# [Activity]
Below is a block of records. Copy every line in it that contains the word "Size".

### Records for this task

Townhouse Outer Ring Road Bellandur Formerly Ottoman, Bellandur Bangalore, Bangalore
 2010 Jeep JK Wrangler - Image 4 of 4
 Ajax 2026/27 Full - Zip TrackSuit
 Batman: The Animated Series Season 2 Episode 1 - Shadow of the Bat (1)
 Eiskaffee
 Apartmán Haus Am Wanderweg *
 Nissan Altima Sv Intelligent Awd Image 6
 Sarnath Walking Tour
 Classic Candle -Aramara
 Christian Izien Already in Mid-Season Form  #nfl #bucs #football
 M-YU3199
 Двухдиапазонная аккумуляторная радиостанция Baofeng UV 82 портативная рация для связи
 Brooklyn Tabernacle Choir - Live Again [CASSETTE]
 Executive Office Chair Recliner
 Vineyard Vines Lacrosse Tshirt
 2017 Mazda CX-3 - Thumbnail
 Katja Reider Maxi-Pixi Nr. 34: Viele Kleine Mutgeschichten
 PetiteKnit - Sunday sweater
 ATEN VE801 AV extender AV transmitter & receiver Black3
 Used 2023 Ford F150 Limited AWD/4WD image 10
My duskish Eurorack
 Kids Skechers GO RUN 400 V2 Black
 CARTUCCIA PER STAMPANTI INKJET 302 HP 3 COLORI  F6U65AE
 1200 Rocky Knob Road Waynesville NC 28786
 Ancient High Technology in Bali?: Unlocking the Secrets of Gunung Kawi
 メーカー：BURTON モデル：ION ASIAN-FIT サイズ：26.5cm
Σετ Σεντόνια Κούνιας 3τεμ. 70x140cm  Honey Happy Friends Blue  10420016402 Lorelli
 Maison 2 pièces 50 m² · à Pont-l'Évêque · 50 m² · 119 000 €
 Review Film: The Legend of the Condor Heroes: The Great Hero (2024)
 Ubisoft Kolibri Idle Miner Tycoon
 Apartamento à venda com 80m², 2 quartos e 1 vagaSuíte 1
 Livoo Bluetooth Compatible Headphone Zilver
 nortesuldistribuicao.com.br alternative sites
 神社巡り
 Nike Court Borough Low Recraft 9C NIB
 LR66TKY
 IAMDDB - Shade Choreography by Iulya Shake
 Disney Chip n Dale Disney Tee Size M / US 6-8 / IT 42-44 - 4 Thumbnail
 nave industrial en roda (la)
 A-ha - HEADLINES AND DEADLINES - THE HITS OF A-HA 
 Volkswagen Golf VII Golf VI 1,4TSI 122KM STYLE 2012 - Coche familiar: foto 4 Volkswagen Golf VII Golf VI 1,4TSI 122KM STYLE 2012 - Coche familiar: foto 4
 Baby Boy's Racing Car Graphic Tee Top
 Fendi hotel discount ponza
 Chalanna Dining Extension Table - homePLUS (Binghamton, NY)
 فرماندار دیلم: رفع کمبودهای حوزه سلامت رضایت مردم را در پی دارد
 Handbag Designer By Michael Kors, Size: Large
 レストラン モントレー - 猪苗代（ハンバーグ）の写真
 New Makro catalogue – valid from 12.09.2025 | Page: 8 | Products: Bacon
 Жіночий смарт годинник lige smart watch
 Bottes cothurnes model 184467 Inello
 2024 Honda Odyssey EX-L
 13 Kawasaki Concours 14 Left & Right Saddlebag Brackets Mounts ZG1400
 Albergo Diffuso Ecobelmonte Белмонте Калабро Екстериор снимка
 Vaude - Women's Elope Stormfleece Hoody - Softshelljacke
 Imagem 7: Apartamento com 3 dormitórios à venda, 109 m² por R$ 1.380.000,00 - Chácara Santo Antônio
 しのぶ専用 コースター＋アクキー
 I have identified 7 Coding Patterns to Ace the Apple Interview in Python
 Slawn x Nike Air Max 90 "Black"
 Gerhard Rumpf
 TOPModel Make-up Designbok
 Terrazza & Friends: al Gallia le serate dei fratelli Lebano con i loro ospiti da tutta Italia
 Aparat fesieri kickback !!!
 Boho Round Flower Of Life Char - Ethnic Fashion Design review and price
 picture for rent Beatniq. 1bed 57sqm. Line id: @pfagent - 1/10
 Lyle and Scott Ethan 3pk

######

# [Written response]
 Disney Chip n Dale Disney Tee Size M / US 6-8 / IT 42-44 - 4 Thumbnail
 Handbag Designer By Michael Kors, Size: Large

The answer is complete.